> **YOUR ASSIGNMENT**: Please repeat exactly the lines below from the line with "航海王热血航线,探索与挑战的无限魅力" to the line with "Cachorro pitbull", including both, and leave out every picture.

> **EXERCISE INPUT**:
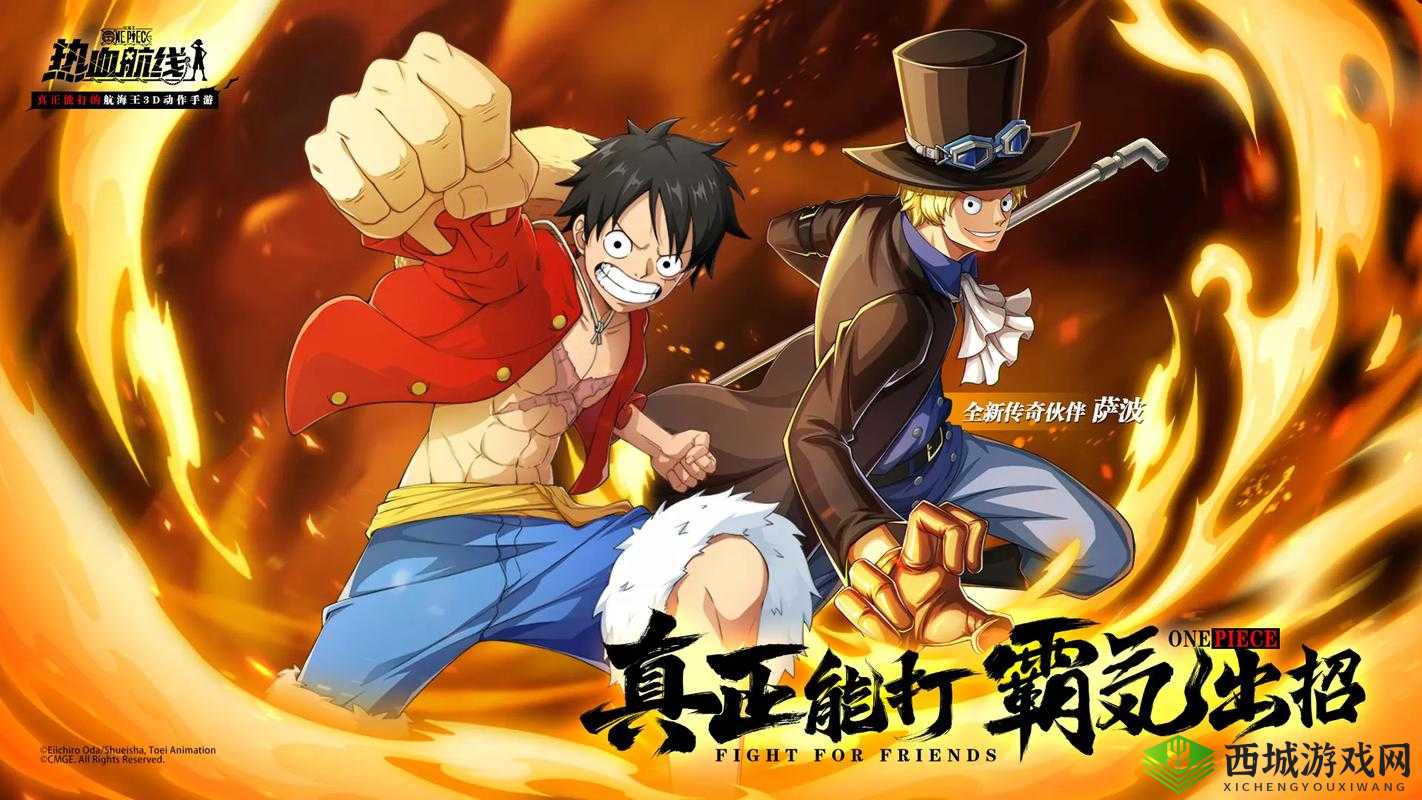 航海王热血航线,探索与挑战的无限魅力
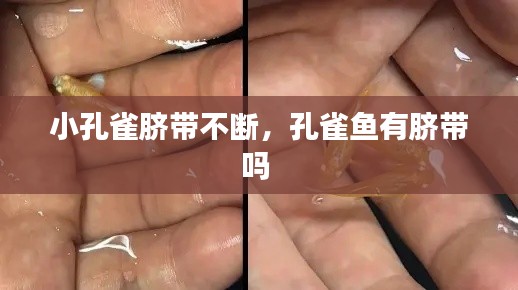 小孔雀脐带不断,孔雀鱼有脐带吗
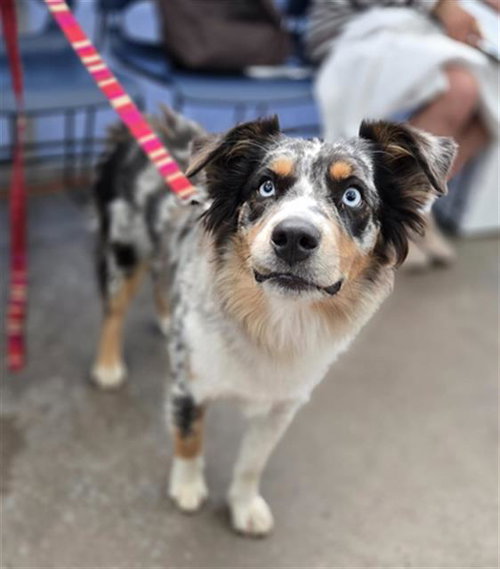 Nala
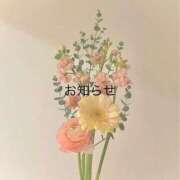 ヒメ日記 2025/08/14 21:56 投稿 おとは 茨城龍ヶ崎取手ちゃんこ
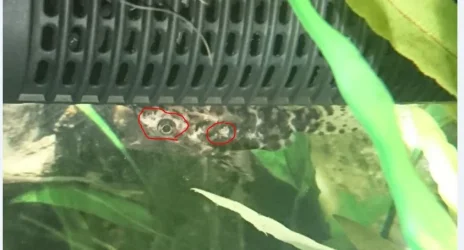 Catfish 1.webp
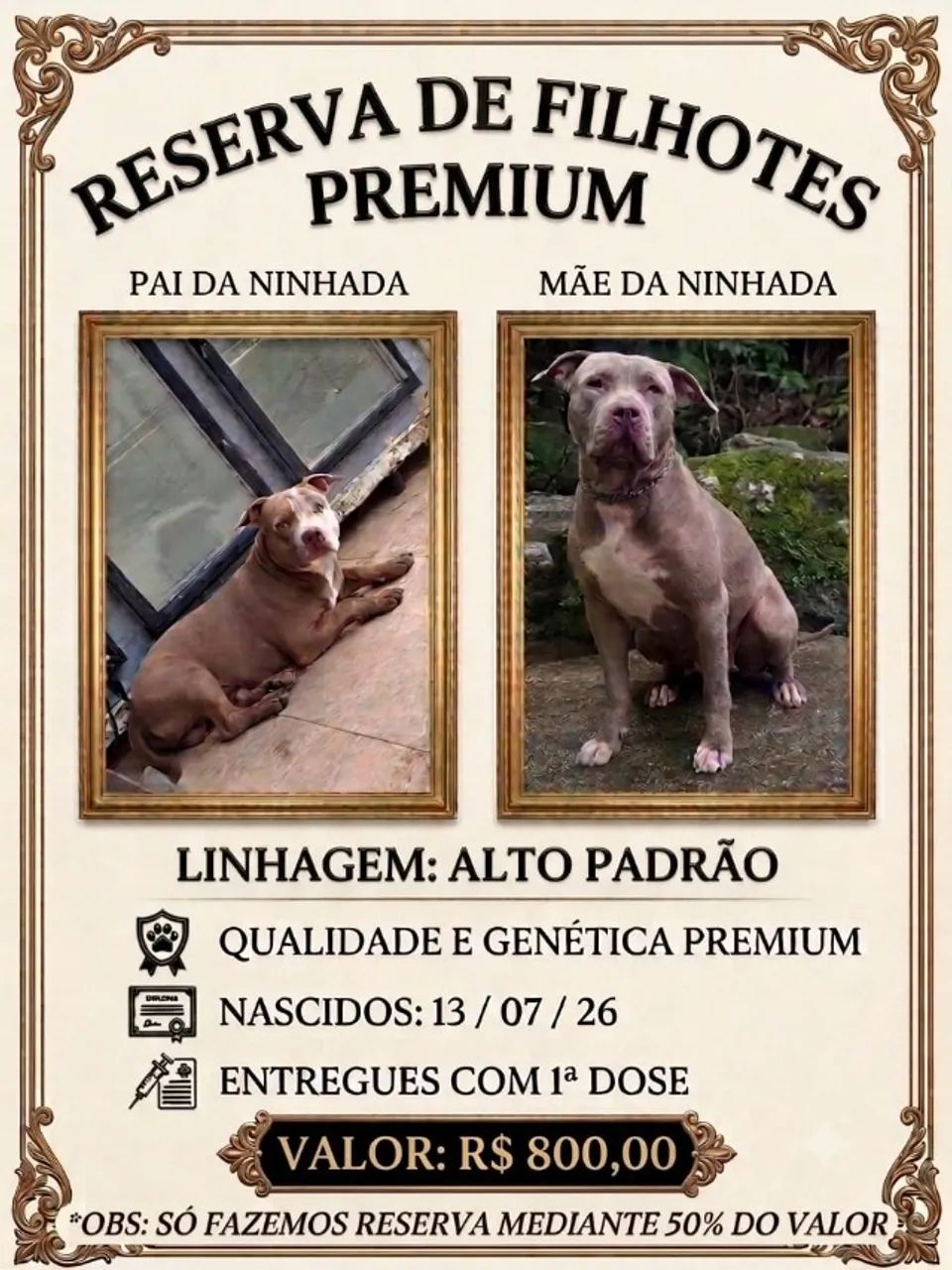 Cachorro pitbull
==
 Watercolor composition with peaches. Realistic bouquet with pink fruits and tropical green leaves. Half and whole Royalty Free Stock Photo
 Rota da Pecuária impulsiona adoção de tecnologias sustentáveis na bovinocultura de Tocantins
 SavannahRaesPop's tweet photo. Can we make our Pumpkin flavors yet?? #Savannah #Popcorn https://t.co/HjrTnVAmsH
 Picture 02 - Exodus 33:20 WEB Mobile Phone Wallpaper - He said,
--
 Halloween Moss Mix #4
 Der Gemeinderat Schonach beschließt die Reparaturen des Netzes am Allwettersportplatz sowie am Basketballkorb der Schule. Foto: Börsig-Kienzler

> **RESULT OF THE TASK**:
 航海王热血航线,探索与挑战的无限魅力
 小孔雀脐带不断,孔雀鱼有脐带吗
 Nala
 ヒメ日記 2025/08/14 21:56 投稿 おとは 茨城龍ヶ崎取手ちゃんこ
 Catfish 1.webp
 Cachorro pitbull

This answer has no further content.